July 2, 1937 — Amelia Earhart makes her last radio transmission

At 8:43am local time, the last radio transmission definitely from Amelia Earhart and Fred Noonan was received at Howland Island, Earhart’s intended destination that day.

Problematic conditions had led to the pair relying on radio navigation, but their radio contacts were sporadic and patchy. Although later transmissions were received, they were too weak to get a fix on or properly interpret. The two were never heard from again, and their plane’s wreckage has never been located.

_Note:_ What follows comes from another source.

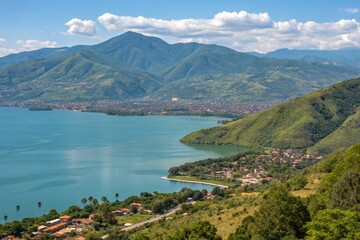 Panoramic View of Bujumbura, the Capital of Burundi, Showcasing Lake Tanganyika and Vibrant City Life Surrounded by Stunning Mountains and Lush Landscapes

There are a number of theories regarding their disappearance, but the lack of crash evidence tends to support the idea that they crashed at sea and sank.

July 2, 1925 — Patrice Lumumba born

A Congolese freedom fighter, Patrice Lumumba was one of the leaders of the independence movement that overthrew Belgian colonial rule in 1960, a struggle in which he faced physical and legal dangers constantly, and was arrested repeatedly by colonial authorities. The struggle was eventually successful, however, and shortly after victory was achieved, Lumumba became the first legally elected leader of a free and independent Congo republic.

His time as head of state was cut short by a Belgian-sponsored counter-coup, which saw Lumumba and other members of his government imprisoned and later executed a mere twelve weeks into their rule.

July 2, 1644 — The Battle of Marston Moor

The Battle of Marston Moor, which is located near York in northern England, was a decisive engagement in the English Civil War. The Royalist side was soundly defeated by a combined force of Scots Covenanters and Parliamentarians. It was a serious blow to the Royalist side, which more or less abandoned the northern part of the country thereafter.

Oliver Cromwell, at the time little-known, distinguished himself in this battle. He commanded the Ironsides Cavalry, and his leadership and the discipline of his troops were both acknowledged as key factors in the victory. From here, Cromwell’s star would only rise.